-- Data section --
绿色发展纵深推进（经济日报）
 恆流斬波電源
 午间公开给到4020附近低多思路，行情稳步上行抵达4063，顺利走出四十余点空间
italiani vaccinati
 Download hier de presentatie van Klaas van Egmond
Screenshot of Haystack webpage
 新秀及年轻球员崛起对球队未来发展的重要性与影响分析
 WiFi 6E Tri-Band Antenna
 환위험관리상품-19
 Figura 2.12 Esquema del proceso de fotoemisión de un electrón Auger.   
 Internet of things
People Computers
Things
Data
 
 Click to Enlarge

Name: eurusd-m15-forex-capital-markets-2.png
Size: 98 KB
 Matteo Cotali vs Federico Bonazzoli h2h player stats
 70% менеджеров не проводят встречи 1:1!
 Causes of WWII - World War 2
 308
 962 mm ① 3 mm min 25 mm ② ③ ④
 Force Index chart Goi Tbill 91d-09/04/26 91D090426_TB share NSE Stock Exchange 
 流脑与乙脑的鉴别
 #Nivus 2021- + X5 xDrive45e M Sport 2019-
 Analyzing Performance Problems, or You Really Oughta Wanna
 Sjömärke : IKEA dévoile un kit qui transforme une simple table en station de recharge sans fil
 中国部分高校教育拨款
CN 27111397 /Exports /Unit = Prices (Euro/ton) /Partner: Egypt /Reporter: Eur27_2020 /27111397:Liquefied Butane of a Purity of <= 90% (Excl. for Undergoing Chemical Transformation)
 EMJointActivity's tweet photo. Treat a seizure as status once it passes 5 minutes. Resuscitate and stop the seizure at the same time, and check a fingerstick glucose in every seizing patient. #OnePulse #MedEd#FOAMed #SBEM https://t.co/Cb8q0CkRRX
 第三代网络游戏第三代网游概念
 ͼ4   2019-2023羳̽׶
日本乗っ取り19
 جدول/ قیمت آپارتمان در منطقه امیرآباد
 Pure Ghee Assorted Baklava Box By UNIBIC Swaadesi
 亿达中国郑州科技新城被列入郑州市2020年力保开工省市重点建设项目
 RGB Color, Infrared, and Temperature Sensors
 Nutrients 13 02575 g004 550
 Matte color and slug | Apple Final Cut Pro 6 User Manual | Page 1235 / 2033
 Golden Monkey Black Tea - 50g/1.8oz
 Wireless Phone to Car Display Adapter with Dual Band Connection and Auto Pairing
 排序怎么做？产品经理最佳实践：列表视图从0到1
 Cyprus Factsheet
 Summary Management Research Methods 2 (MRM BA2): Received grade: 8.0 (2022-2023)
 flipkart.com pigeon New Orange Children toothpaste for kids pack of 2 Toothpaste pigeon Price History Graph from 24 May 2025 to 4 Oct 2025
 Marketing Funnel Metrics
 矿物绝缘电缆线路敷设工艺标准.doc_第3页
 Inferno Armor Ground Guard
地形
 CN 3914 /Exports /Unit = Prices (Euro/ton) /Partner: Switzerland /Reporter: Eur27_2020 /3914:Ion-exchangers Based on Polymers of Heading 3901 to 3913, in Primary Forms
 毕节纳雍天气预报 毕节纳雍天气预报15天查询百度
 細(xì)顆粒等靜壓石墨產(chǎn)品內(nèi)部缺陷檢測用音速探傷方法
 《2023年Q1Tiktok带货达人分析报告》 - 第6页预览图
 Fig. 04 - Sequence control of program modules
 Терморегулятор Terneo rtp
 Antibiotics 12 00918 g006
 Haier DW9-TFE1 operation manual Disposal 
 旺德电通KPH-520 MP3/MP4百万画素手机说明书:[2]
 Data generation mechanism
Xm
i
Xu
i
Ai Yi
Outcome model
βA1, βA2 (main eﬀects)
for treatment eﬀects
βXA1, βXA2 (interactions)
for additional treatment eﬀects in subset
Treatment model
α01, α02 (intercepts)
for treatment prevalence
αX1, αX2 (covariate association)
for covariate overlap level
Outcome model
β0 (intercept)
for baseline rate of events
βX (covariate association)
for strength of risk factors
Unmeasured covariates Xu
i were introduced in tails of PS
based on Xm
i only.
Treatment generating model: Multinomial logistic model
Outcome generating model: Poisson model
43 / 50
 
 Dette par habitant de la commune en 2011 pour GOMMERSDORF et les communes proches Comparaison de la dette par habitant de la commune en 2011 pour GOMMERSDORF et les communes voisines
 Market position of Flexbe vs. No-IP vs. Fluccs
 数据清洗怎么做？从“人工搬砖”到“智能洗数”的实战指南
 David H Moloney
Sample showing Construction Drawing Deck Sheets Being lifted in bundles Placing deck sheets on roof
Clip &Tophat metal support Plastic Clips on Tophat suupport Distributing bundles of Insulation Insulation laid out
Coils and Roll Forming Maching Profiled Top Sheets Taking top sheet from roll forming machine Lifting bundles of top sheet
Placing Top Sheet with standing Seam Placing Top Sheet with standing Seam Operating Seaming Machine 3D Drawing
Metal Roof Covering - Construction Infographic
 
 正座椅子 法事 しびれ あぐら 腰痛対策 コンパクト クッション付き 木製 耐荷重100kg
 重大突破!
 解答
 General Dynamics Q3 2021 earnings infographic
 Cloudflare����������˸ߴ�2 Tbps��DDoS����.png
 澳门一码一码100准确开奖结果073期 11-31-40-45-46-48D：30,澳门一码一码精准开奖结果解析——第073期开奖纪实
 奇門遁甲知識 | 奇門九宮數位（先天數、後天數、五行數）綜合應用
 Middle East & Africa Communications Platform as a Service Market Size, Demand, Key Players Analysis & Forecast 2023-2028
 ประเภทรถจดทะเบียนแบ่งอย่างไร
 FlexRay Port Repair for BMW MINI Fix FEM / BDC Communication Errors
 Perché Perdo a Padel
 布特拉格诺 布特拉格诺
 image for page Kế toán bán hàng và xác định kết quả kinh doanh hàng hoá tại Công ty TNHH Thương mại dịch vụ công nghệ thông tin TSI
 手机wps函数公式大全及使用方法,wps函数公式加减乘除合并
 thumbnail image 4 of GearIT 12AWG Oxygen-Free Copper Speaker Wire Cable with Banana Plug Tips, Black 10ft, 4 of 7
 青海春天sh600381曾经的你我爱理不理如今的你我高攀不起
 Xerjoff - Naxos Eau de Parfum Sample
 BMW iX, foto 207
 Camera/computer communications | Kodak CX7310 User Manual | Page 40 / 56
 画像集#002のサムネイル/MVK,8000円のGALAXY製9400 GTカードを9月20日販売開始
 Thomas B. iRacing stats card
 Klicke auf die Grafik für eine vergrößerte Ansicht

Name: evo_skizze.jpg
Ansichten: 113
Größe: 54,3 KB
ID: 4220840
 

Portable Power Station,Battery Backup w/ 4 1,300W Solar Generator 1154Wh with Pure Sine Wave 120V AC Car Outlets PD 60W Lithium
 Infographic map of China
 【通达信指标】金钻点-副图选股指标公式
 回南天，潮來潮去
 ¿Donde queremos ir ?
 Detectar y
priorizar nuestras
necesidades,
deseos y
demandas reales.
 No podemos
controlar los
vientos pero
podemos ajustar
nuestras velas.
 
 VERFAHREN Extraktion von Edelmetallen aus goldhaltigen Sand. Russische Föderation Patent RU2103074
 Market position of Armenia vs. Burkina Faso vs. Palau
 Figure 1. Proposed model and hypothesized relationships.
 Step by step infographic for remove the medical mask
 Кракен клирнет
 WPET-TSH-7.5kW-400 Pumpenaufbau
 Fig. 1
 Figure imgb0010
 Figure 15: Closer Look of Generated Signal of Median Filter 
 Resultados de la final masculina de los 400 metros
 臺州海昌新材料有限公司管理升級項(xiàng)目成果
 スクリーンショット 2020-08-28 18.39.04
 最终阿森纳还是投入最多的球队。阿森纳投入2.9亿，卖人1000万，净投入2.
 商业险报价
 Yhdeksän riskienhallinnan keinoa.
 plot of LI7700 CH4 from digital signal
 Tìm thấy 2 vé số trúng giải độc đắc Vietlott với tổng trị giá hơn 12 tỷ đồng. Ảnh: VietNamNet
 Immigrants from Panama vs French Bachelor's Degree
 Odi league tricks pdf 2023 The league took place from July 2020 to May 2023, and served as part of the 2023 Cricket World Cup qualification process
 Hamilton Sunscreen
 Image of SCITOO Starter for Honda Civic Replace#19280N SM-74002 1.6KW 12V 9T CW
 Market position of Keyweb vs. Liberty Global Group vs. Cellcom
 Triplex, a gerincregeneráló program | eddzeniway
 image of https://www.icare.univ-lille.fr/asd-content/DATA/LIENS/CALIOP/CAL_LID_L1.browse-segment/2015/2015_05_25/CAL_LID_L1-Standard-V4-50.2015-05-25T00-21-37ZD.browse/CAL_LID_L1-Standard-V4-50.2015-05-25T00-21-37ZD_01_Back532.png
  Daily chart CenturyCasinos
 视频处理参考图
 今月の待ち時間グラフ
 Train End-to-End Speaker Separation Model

-- Problem to solve --
Look through the data above. Copy every line with the string "eﬀects" in it.

-- Task answer --
βA1, βA2 (main eﬀects)
for treatment eﬀects
for additional treatment eﬀects in subset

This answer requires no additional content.